Wealth and Poverty
Wealth results from producing things that consumers value most by sacrificing the least valuable combinations of labor and resources. The best place to begin a discussion of wealth is with the division of labor (or specialization), which Adam Smith discusses in the first chapter of Wealth of Nations. Understanding the conditions that create wealth also provides useful insight into those conditions that result in poverty.
Dividing workers’ tasks into narrow productive specialties increases the amount that can be produced by increasing one’s skills in that activity, reducing the time spent shifting from one activity to another, and increasing the amount of capital that one can effectively employ. If most workers had to make more than a small contribution to the production of the goods they were involved in producing, only a fraction of us would long survive, and those who did would live in extreme poverty, as most of what we now consume would be prohibitively costly. However, although specialization is necessary for producing the abundance of goods and services that constitute wealth, it is not sufficient. Specialization cannot be fully productive without freedom and coordination—the freedom of each individual to use his specialized skills in accordance with his knowledge of local conditions while somehow making sure that his actions are coordinated with countless others with the same freedom.
In an unfree economy, the decisions of remote planners lacking relevant information on local conditions are substituted for the decisions of those who have this information. As Hayek eloquently explained, centralizing economic decisions inevitably substitutes ignorance for the local knowledge essential for making choices fully consistent with the production of wealth.
Without overall coordination, each individual could be competent at what he is doing and could be adjusting well to local conditions, but is likely to fail to combine his activities with those of others to produce goods, much less the combination and quality of goods most valued by consumers. People often believe that this supposed inability to coordinate action over a distance suggests a trade-off between freedom and coordination. More freedom reduces coordination, and more coordination can be achieved only by reducing freedom. Thus, the best possibility seems to be some compromise between making decisions that fully utilize local information and coordinating the decisions that are made in the most productive way. Fortunately, this situation is one of the few where economists do not see a trade-off. Adam Smith’s fundamental insight, as developed in Wealth of Nations, is that the wealth-producing advantages of specialization can be realized—indeed, more fully realized—when there are no authorities attempting to coordinate private decisions.

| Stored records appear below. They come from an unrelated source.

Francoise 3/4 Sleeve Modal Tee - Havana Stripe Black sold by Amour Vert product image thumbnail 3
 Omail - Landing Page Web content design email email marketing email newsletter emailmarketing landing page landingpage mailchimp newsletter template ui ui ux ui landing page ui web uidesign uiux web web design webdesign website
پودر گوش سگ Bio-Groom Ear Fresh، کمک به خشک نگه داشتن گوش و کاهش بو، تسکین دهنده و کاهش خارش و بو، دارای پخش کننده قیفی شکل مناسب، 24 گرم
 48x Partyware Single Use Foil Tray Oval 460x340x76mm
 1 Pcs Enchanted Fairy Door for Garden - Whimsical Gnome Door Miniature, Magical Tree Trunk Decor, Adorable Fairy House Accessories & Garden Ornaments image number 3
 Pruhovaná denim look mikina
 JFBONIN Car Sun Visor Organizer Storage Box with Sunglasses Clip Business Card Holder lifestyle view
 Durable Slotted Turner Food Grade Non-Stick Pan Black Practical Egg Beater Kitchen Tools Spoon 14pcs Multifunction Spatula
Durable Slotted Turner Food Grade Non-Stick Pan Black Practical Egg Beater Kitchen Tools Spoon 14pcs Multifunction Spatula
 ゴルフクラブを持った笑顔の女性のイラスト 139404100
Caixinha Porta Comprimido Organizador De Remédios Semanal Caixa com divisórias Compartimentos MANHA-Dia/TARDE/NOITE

Coordination is best achieved without a coordinator. As Smith stated,
The statesman who should attempt to direct private people in what manner they ought to employ their capitals [including human capital embodied in labor], would not only load himself with a most unnecessary attention, but assume an authority which could safely be trusted, not only to no single person, but to no council or senate whatever, and which would nowhere be so dangerous as in the hands of a man who had folly and presumption enough to fancy himself fit to exercise it.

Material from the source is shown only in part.